Compreendo muito bem que haja meus amigos no PS que se interroguem sobre as razões pelas quais "ataco" tantas vezes José Sócrates e que entendam esse ataque como uma questão de animosidade pessoal. Divirjo profundamente das suas políticas, que penso fazem mal ao país, e coloco-o numa espécie de top ten daqueles políticos do PS, do PSD e do CDS que entendo terem, pela sua acção política e governativa, provocado mais danos ao Bem Público, como foi o tandem Guterres-Pina Moura. Mas não são as discordâncias políticas, nem sequer é o julgamento sobre o Governo, que inclui ministros que respeito, que explicam a minha atitude.
O problema com Sócrates é outro: é um problema de desconfiança política profunda. Acrescentei o adjectivo "política" porque o terreno dessa desconfiança é o da própria acção política, não o da pessoa, embora reconheça que é impossível separar de todo os dois níveis, porque a desconfiança implica também com uma questão de carácter. Mas gostaria que, no que eu digo e no que eu faço, a desconfiança ficasse no político e fosse a partir do político que inquinasse o julgamento do carácter e não ao contrário. Não penso que os políticos tenham que ser julgados pelo carácter, o que é sempre uma atitude propícia a um moralismo que acaba por ser arrogante, mas o carácter também importa e em determinadas circunstâncias importa mais. É o caso de José Sócrates.
Essa desconfiança não me surgiu com o aparecimento da personagem na cena pública, cuja acção como secretário de Estado na co-incineração apoiei, nem na sua vitória de 2005. Pelo contrário. Foi encontrando terreno propício quando me foram sendo cada vez mais nítidos o papel da encenação e da pose na sua acção e a crescente disparidade entre os resultados e a propaganda. Mas também não foi por isso. Sócrates era um político típico da sua geração e da sua formação e nisso não era muito diferente de muitos políticos oriundos do interior dos partidos, das "jotas" em particular", feitos pela promiscuidade entre as "fontes" e os jornais, com "biografias do nada", especializados nas técnicas interiores das carreiras partidárias, construindo "imagens" e obcecados pelo "protagonismo". Portugal e a Europa estão cheios deste tipo de políticos, que se entendem bem entre si e movem-se com habilidade pelo actual panorama mediático, as televisões em particular. Nesse estilo, Sócrates era aliás do melhor, porque não se chega onde ele chegou sem qualidades, muito trabalho, determinação e - e isto é uma questão-chave - sem um grupo. No aparelho sobe-se sempre em grupo, e o de Sócrates anda à sua volta em tudo o que é complicação passada e presente. Mas, mesmo assim, nada disto chegava para me mover contra Sócrates com a intransigência que, reconheço, tenho.

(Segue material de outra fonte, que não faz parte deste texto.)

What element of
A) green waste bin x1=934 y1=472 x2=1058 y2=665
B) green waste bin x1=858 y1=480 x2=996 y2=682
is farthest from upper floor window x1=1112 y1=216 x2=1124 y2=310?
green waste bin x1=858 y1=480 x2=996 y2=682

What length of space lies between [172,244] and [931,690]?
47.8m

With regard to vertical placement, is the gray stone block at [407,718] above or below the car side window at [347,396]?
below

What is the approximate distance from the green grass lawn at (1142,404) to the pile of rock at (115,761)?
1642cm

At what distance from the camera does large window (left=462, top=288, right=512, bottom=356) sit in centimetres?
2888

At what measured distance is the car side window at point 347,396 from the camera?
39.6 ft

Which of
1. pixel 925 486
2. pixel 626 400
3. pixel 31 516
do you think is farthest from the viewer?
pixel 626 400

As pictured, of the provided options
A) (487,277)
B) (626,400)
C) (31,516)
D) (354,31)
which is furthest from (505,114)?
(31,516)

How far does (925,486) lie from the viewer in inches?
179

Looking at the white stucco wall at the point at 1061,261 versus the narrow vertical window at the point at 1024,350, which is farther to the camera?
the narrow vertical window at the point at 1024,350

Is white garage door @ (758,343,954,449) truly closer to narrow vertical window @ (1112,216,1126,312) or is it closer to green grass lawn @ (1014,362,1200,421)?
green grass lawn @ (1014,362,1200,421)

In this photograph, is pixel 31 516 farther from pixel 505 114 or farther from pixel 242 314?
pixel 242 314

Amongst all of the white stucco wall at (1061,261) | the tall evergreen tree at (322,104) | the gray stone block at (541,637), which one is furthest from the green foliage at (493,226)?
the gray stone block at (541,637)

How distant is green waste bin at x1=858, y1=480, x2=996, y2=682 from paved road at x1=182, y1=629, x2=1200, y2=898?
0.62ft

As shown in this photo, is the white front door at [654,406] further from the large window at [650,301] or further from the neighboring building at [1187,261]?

O clic, chamemos-lhe assim, foi, de facto, a primeira "história", a do curso e a do diploma. Nada daquilo seria muito relevante, se fosse apenas uma certa ligeireza associada à pose, e um curso mais ou menos artificial, que não foi apenas o dele, mas o de muitos da sua geração que apareceram "formados" em escolas privadas pouco exigentes e facilitadoras. Confrontado com o facto de usar um título académico que não possuía, Sócrates podia ter acabado com a questão num instante, dizendo que partilhava a reivindicação dos seus colegas de considerar que o seu curso era de "engenheiro", ou admitindo que não fora muito rigoroso. Toda a gente passaria em frente e não haveria danos.
Mas ele insistiu que estava tudo bem, e não só que estava bem como tudo era exemplar. E esta atitude, acompanhada por algo que acompanha sempre Sócrates, que é uma enorme e agressiva pressão sobre todos os que não lhe são subservientes - e como são poucos nota-se mais -, levou-me a olhar com outros olhos para o que aparecia e para documentos particularmente bizarros como o currículo emendado existente na Assembleia. Fiquei convicto de que ele era capaz de fazer muita coisa que não devia, por seu próprio interesse, e como se trata de um homem poderoso, isso preocupa-me.
A partir daí não há pedra em que não se dê um pontapé, casinhas, processos na área do ambiente quando ele foi secretário de Estado ou ministro, Freeport, negócios ligados ao controlo da comunicação social, Face Oculta, em que Sócrates não apareça. Pode-se dizer que isso é perseguição, como há quem no PS diga. Mas não é, o problema é que Sócrates aparece sempre lá, perto ou longe, com mais ou menos responsabilidades, e aparece porque está lá. Ele, a família, os seus amigos do PS, as pessoas que escolheu, as áreas onde governou e governa. E, quando ele aparece, nada nunca se esclarece cabalmente. Nem na justiça (e isso é uma arma de dois bicos, porque também o prejudica), nem na parte da política que exige transparência. Por isso, a minha desconfiança original não tem conhecido a não ser um crescendo, porque encontra um padrão e não "casos". E penso, posso estar enganado, mas penso, que essa desconfiança é puramente racional.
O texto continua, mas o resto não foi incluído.